Judge strikes down California teacher tenure

LOS ANGELES (AP) — A judge struck down tenure and other
job protections for California’s public school teachers as
unconstitutional Tuesday, saying such laws harm students — especially
poor and minority ones — by saddling them with bad teachers who are
almost impossible to fire.
In a landmark decision that could
influence the gathering debate over tenure across the country, Los
Angeles County Superior Court Judge Rolf Treu cited the historic case of
Brown v. Board of Education in ruling that students have a fundamental
right to equal education.
Siding with the nine students who
brought the lawsuit, he ruled that California’s laws on hiring and
firing in schools have resulted in "a significant number of grossly
ineffective teachers currently active in California classrooms."
He
agreed, too, that a disproportionate number of these teachers are in
schools that have mostly minority and low-income students.
The judge stayed the ruling pending appeals.
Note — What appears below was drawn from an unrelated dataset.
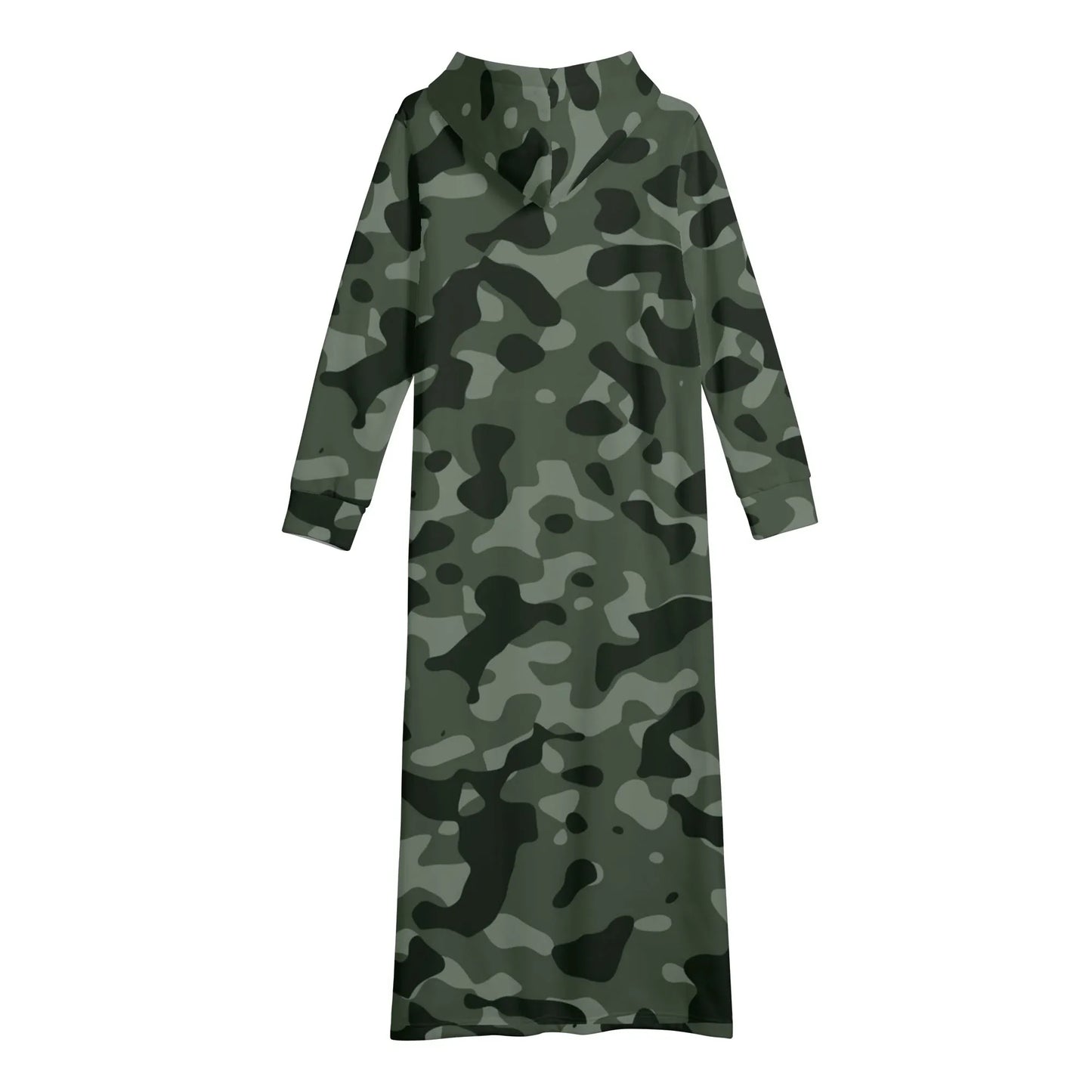 green-camouflage-damen-maxi-hoodiekleid-knochellanges-kapuzenkleid-aus-weich-angerautem-fleece-hoodiekleid-jlr-design-5 - JLR Design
The case involves 6 million students from kindergarten
through 12th grade.
The
California Attorney General’s office said it is considering its legal
options, while the California Teachers Association, the state’s biggest
teachers union with 325,000 members, vowed an appeal.
"Circumventing
the legislative process to strip teachers of their professional rights
hurts our students and our schools," the union said.
Teachers have
long argued that tenure prevents administrators from firing teachers on
a whim. They contend also that the system preserves academic freedom
and helps attract talented teachers to a profession that doesn’t pay
well.
Other states have been paying close attention to how the case plays out in the nation’s most populous
state.
"It’s
powerful," said Theodore Boutrous Jr., the students’ attorney. "It’s a
landmark decision that can change the face of education in California
and nationally."
He added: "This is going to be a huge template for what’s wrong with education."
The
lawsuit was backed by wealthy Silicon Valley entrepreneur David Welch’s
nonprofit group Students Matter, which assembled a high-profile legal
team including Boutrous, who successfully fought to overturn
California’s gay-marriage ban.
In an interview following the
decision, Welch tried to open a door to working with teachers’ unions,
but the enmity of the two sides intensified.
"Inherently it is not
a battle with the teachers union. It’s a battle with the education
system," Welch said. "Unfortunately, the teachers union has decided that
the rights of children are not their priority."
He said he hoped
union leaders can eventually work with his group to put in place a
system that ensures children get a better education.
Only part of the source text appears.